* _WHAT TO WORK ON_: Exactly as written, set down the lines from the top of the entries through the line bearing "MTORC1 Protein Sirolimus", with every picture left out.

* _WORKING DATA_:
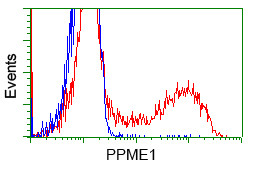 PPME1 Antibody in Flow Cytometry (Flow)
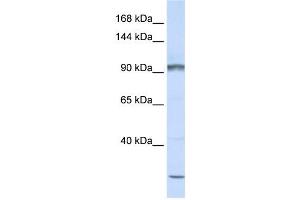 Western Blotting (WB) image for anti-Protocadherin alpha Subfamily C, 2 (PCDHAC2) antibody (ABIN2459277) (PCDHAC2 抗体)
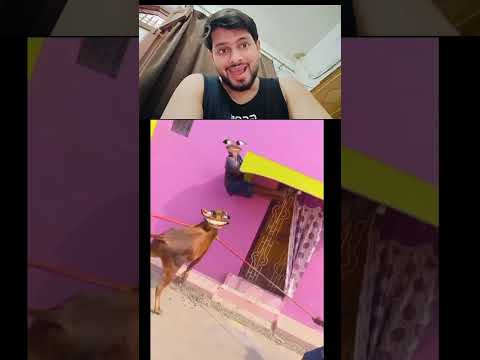 🤣 Wait For End 😂 #viral #comedy thumbnail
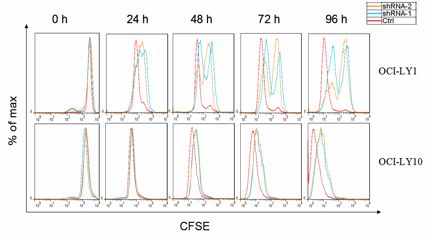 Figure 1. Loss of IRF8 decreased the proliferation of DLBCL cells in vitro.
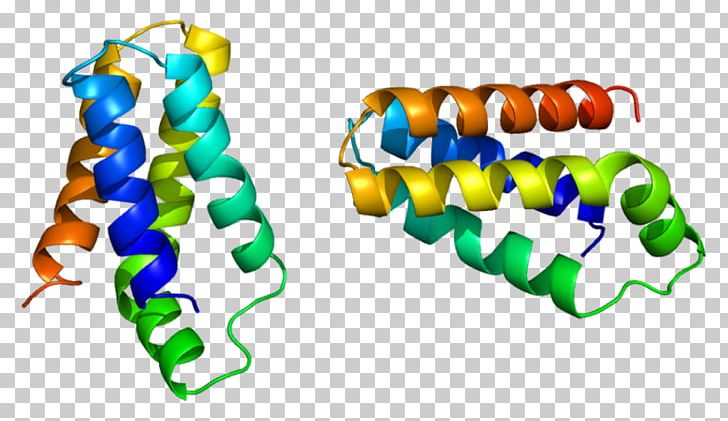 MTORC1 Protein Sirolimus Translation PNG, Clipart, Amino Acid, Area, Cancer, Eif4ebp1, Fkbp Free PNG Download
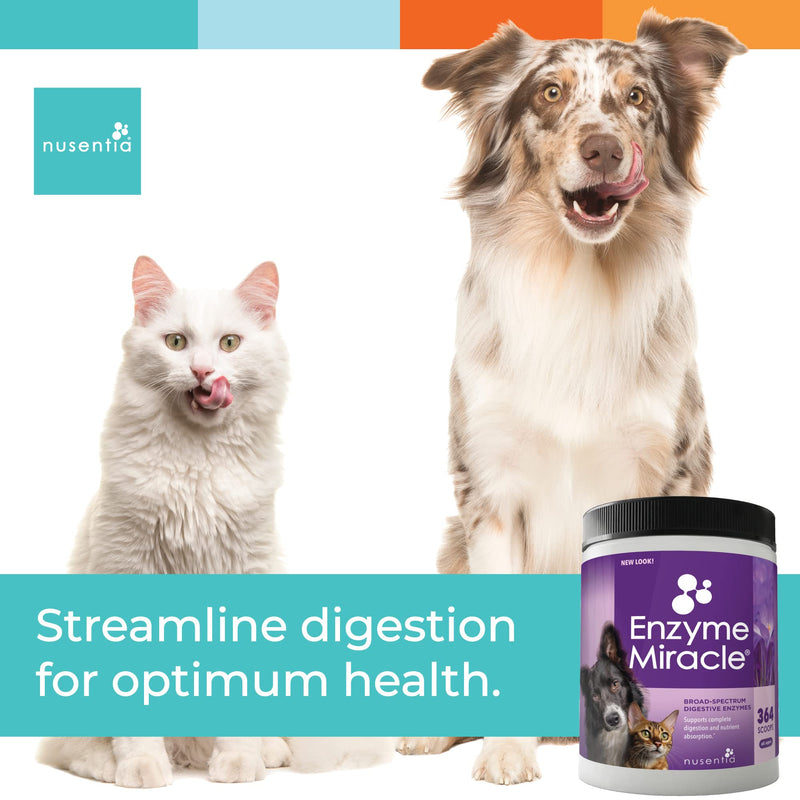 Enzymes for Dogs & Cats - Enzyme Miracle - Systemic & Digestive Enzyme Formula - Powder - 364 Servings - Vegetarian - BeesActive Australia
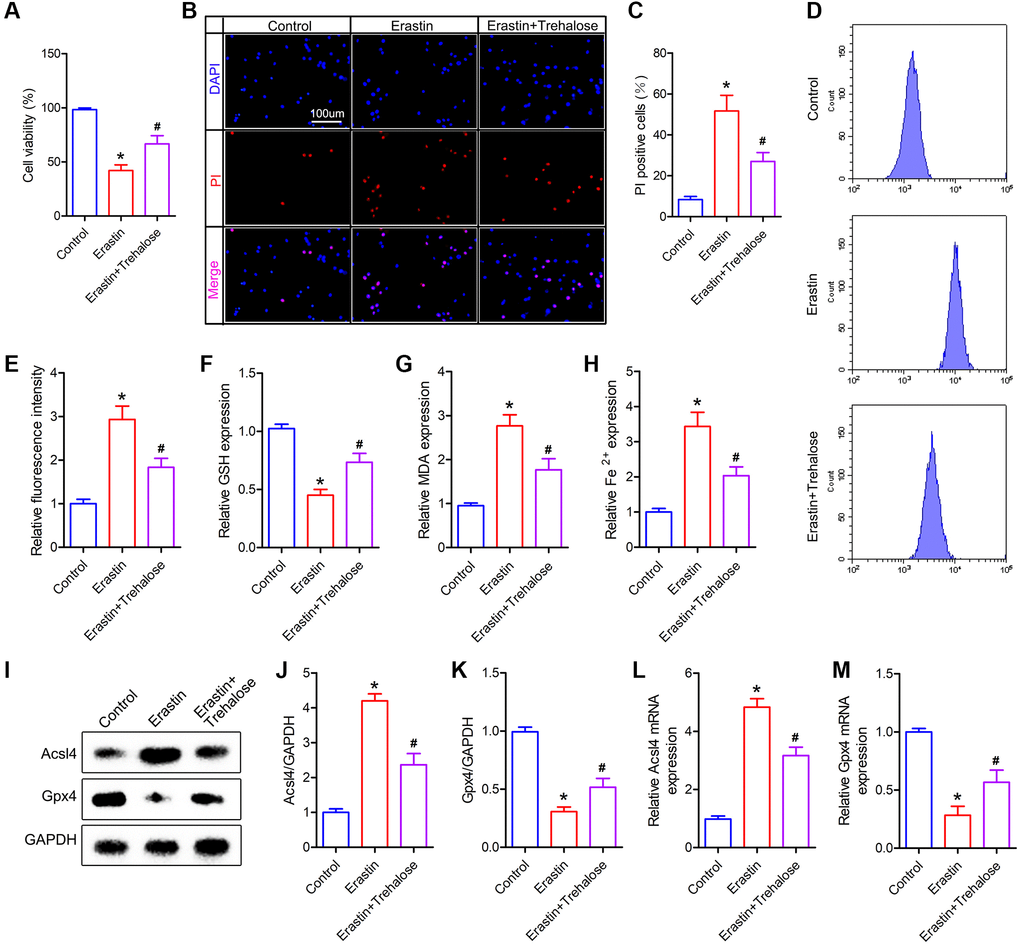 Trehalose inhibits the ferroptosis of neuronal cells induced by Erastin. (A) CCK8 method is used to assess cell viability; (B) PI staining of neuronal cells; (C) Quantification of PI positive cells; (D, E) Flow cytometry to detect ROS level and quantitative analysis; (F–H) GSH, MDA and Fe2+ measurement; (I–K) Western blot to detect the expression of Acsl4 and Gpx4 protein and quantitative protein analysis; (L, M) PCR to detect Acsl4 mRNA and Gpx4 mRNA expression. *p #p 
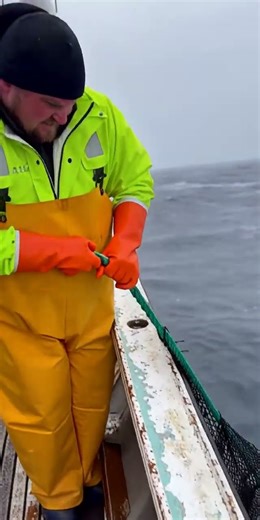 Fisherman Pulls Up TERRIFYING Creature From the Ocean | Found Footage #scaryshorts #viralshorts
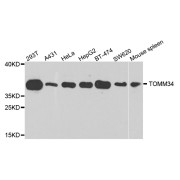 Western blot analysis of extracts of various cell lines, using TOMM34 antibody (abx003340) at 1/1000 dilution.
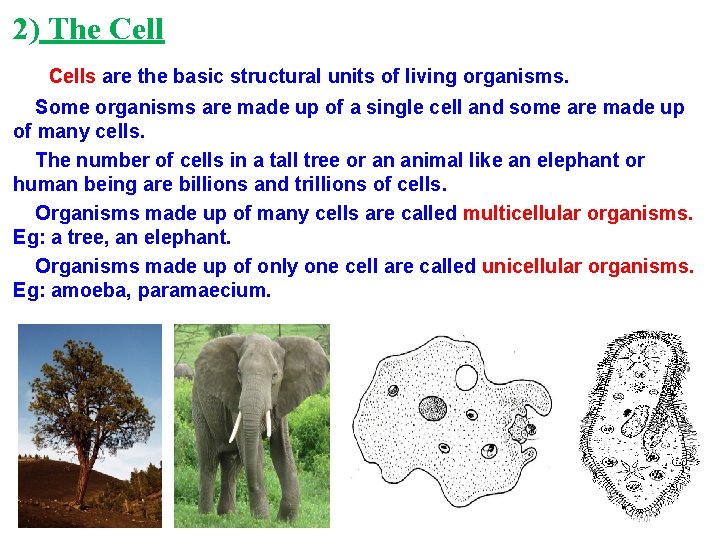 2) The Cells are the basic structural units of living organisms. Some organisms are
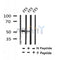 Western blot analysis of Phospho-MEF2C (S396) in lysates of 3T3  , using Phospho-MEF2C (S396) Antibody(AF7356).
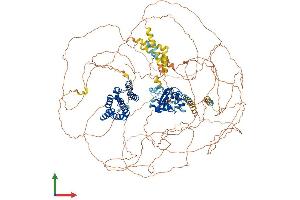 AlphaFold protein structure predicition of Mouse Recombinant Scaf8 Protein, UniprotID Q6DID3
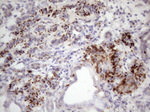 C1orf106 Antibody in Immunohistochemistry (Paraffin) (IHC (P))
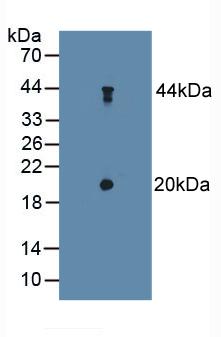 Polyclonal Antibody to Delta-Sleep Inducing Peptide (dSIP)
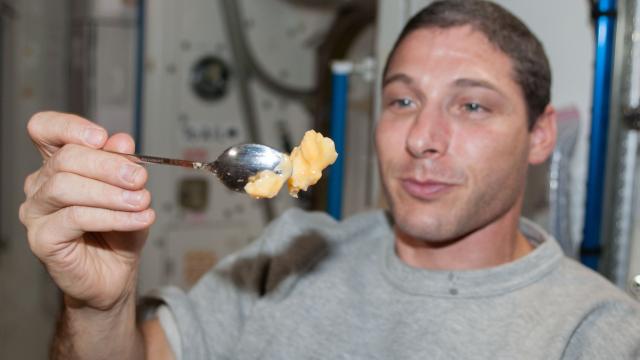 Sugar-Producing Bacteria To Be Tested In Space As Food Source For Astronauts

* _WRITTEN SOLUTION_:
 PPME1 Antibody in Flow Cytometry (Flow)
 Western Blotting (WB) image for anti-Protocadherin alpha Subfamily C, 2 (PCDHAC2) antibody (ABIN2459277) (PCDHAC2 抗体)
 🤣 Wait For End 😂 #viral #comedy thumbnail
 Figure 1. Loss of IRF8 decreased the proliferation of DLBCL cells in vitro.
 MTORC1 Protein Sirolimus Translation PNG, Clipart, Amino Acid, Area, Cancer, Eif4ebp1, Fkbp Free PNG Download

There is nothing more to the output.